**THE RECORDS**
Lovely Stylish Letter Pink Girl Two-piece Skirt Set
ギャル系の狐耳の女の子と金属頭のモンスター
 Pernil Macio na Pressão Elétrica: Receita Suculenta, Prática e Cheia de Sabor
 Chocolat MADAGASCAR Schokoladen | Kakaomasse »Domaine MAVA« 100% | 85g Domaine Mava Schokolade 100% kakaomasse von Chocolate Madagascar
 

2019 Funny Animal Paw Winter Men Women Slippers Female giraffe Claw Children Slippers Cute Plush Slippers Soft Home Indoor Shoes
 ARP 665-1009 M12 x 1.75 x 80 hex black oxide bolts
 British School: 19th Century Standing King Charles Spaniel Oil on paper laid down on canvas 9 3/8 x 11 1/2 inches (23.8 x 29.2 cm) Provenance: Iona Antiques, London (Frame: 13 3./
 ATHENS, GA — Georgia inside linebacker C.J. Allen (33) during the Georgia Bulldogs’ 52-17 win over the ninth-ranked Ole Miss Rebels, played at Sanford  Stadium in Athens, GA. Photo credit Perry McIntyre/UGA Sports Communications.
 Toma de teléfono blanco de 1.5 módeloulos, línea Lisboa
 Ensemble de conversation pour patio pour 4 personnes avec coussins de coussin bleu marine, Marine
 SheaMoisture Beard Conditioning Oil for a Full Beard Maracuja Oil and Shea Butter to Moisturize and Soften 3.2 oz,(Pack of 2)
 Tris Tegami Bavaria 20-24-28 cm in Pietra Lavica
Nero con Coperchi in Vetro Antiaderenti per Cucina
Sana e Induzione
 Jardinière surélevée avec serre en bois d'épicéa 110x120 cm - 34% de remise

**WORK REQUEST**
Up to and including the line with "Pernil Macio na", print every line of the material above, starting from its first line, exactly.

**RESPONSE BOX**
Lovely Stylish Letter Pink Girl Two-piece Skirt Set
ギャル系の狐耳の女の子と金属頭のモンスター
 Pernil Macio na Pressão Elétrica: Receita Suculenta, Prática e Cheia de Sabor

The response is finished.